# Round Three: Prologo Pagliacci. Granforte and Ruffo



## Seattleoperafan (Mar 24, 2013)

Si puo (I Pagliacci) · Orchestra of La Scala · Apollo Granforte 




Si puo (I Pagliacci) · Titta Ruffo Titta Ruffo - The early recordings 1906 - 1912


----------



## Bonetan (Dec 22, 2016)

My photo says it all. I worship these two, but I worship Granforte on more days of the week than Ruffo so he gets my vote. I don't think there has been a baritone as good as Granforte since Granforte. He's got easy power and his voice comes across as extremely resonant to me. He can sing loud, he can sing soft, and he can color and act with the voice any way you like. We hear it all here and he does it with a unique timbre which I find to be perfect for the roles he sings. His Iago with Sabajno remains the most impressive baritone singing I've ever heard. I love this guy.


----------



## ScottK (Dec 23, 2021)

What a contest John, they just keep getting better!!! While listening to Bonetan's "picture-sake" I was pretty much thinking game over! I think of Ruffo as so dramatic that 
I did not expect him to keep up with Granforte's magnificent handling of the rumination's going on in Tonio's brilliant seduction of the audience. And darn if he wasn't right there with him, section by section! I found these two to be clearly the two most satisfying renditions I've heard. More dynamic than Gorin and more nuanced than Warren. More dramatically fulfilled than Tibbet and more true to the text's meaning than Sarobe ( name right?) The only question is could I choose between them. And for two suitably dessert island renditions I found one distinction.... after all of the beautifully realized individual sections , to me, Ruffo found the sweep of the e voi section and Granforte was still emphasizing the personal and I found Ruffo's ending more satisfying. But both were tremendous!


----------



## Seattleoperafan (Mar 24, 2013)

Bonetan said:


> My photo says it all. I worship these two, but I worship Granforte on more days of the week than Ruffo so he gets my vote. I don't think there has been a baritone as good as Granforte since Granforte. He's got easy power and his voice comes across as extremely resonant to me. He can sing loud, he can sing soft, and he can color and act with the voice any way you like. We hear it all here and he does it with a unique timbre which I find to be perfect for the roles he sings. His Iago with Sabajno remains the most impressive baritone singing I've ever heard. I love this guy.


I listened to Granforte today on a new contest for next time and I could hear how his voice was not darkened. Do I get a gold star


----------



## Tsaraslondon (Nov 7, 2013)

I really don't know. I think they were both great. 

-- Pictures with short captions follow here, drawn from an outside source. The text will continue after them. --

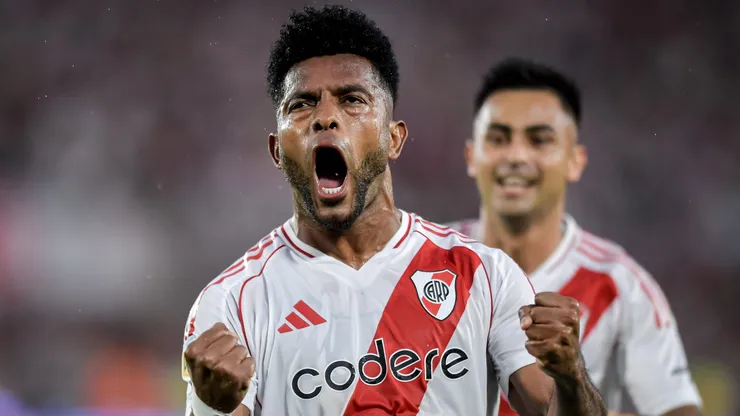 River goleó a Barracas Central en el Monumental.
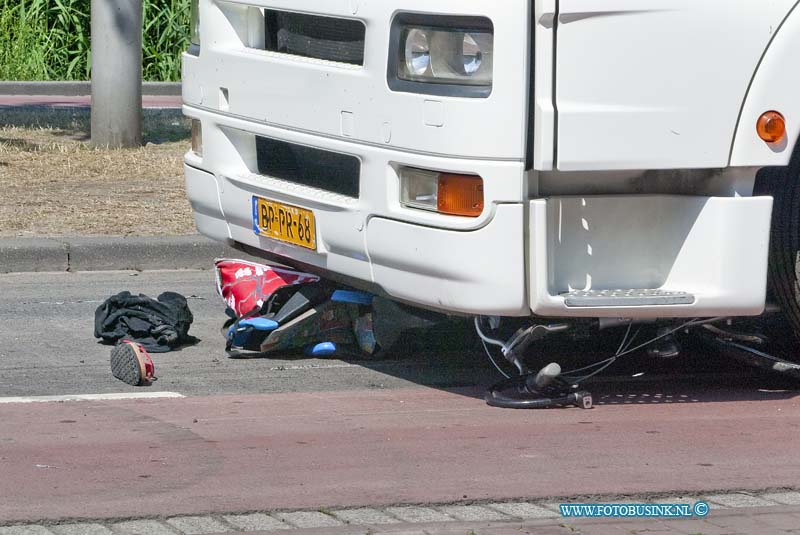 10062802.jpg - FOTOOPDRACHT:Dordrecht:28-06-2010:Bij een aanrijding tussen een vrachtwagen van de kermis die aan het opbreken is in Dordrecht en een meisje die met de fiets ver zebrapad bij stoplichten liep. Het meisje raakt zwaargewond en werd met spoed afgevoerd naar een ziekenhuis. De fiets kwam geheel onder de vrachtwagen te zitten. De politie stelt een onderzoek in naar de toedracht van het ongeval. Deze digitale foto blijft eigendom van FOTOPERSBURO BUSINK. Wij hanteren de voorwaarden van het N.V.F. en N.V.J. Gebruik van deze foto impliceert dat u bekend bent  en akkoord gaat met deze voorwaarden bij publicatie.EB/ETIENNE BUSINK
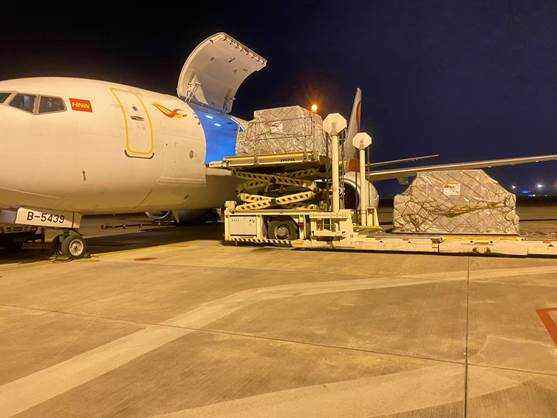 海航航空集團旗下天津貨運航空保障運送12噸救災物資赴緬任務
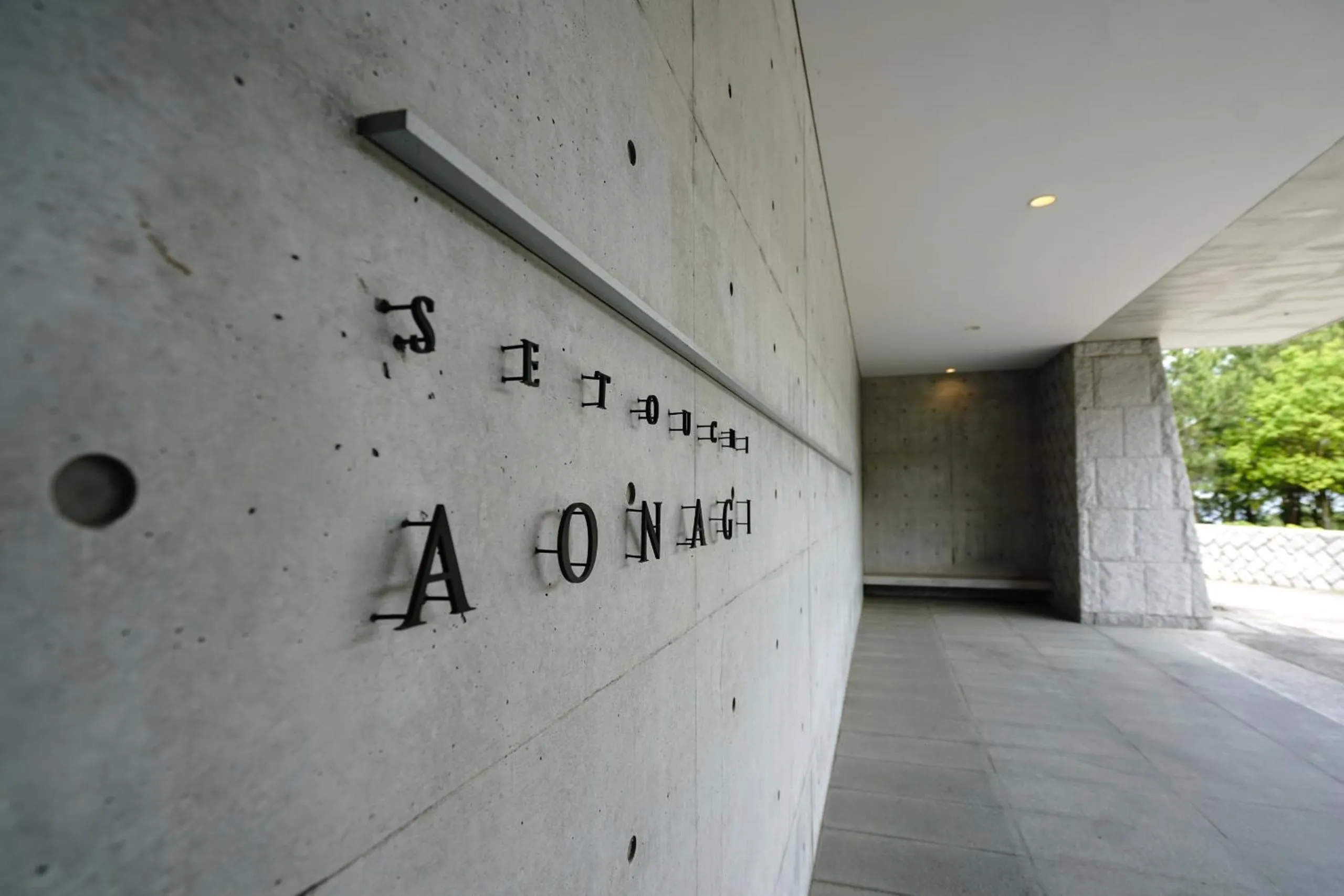 Facade/entrance in SETOUCHI RETREAT by Onko Chishin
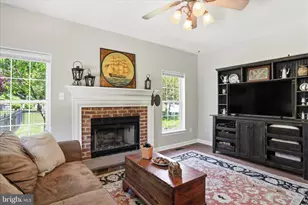 11206 Yardley Pl, Ijamsville, MD 21754 - Photo 17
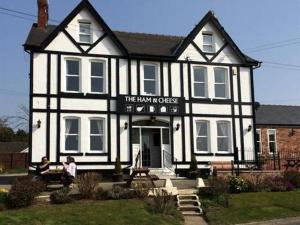 The Ham and Cheese, Pickering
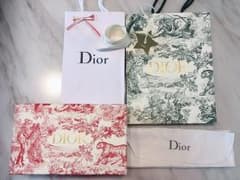 Dior 箱のサムネイル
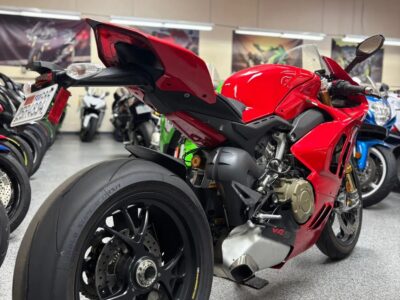 2022 Ducati Panigale V4S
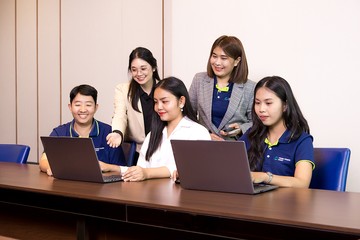 ฝ่ายขอใบอนุญาต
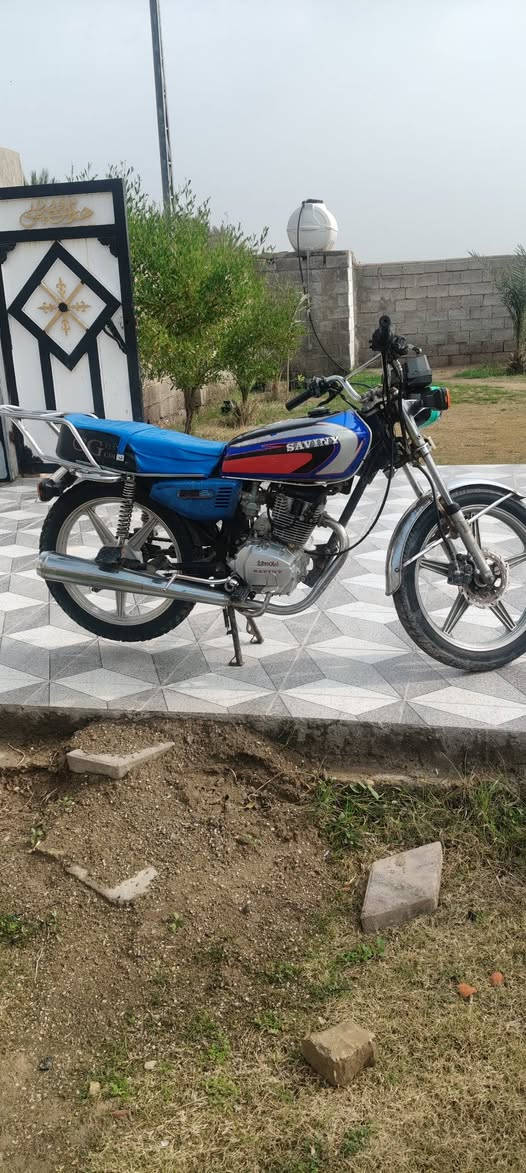 سلام عليكم دراجه سيفان موديل 2020 دراجه ما مفتوحه خير من الله لا تبخير لا تنقيص نقصها بس بكلايت خلفي شلعه معدل شرط 140 أوراق كامله مكان دراجه ديالى بلدروز سعر الدراجه 325 وبي مجال بسيط الاتصال على رقم *********** بي واتساب
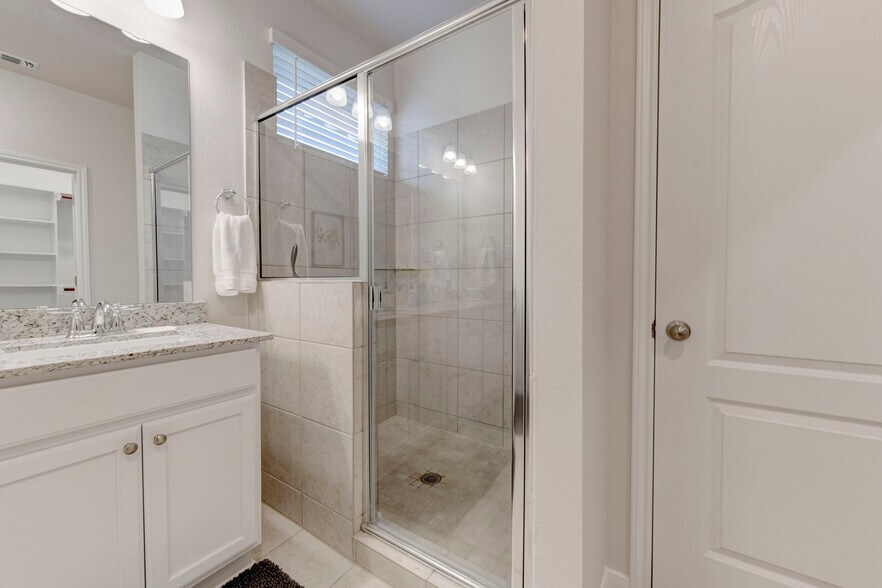 Building Photo - 3703 McCleland Crk Trl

The only thing I didn't like about Ruffo was that he was a little cavalier about the notes, almost using a sort of parlando, where Granforte stuck to the score and was just as effective. For that reason, I'm going to go for Granforte.


----------



## Bonetan (Dec 22, 2016)

Seattleoperafan said:


> I listened to Granforte today on a new contest for next time and I could hear how his voice was not darkened. Do I get a gold star


Indeed you do! 

This is the kind of singing modern dramatic baritones should strive for imo. From both men.


----------



## MAS (Apr 15, 2015)

Such great voices! I marginally prefer Apollo Granforte, for subjective reasons.


----------



## Woodduck (Mar 17, 2014)

Not an easy choice between two great voices, but Ruffo uses a bit more portamento and Granforte blasts out the penultimate climax. Small points, but enough to give my vote to Ruffo.


----------



## nina foresti (Mar 11, 2014)

Ahhh Titta my luv, despite a formidable opponent, you've just got that "extra something" that makes you king. (It's good to be the King!)


----------



## BBSVK (10 mo ago)

I originally skipped this round, but after all the effort it took me to understand the libretto in the next round, I came back here, to reap more benefits.

I choose Appolo Granforte, but I imagine him as Tonio here, not the traumatised author.

Ruffo is sadder, something between Tonio and the traumatised author. He is also interesting, but those long notes should not have been so super long for what he does with them. (Is the "wide vibrato" a correct expression here ?)


----------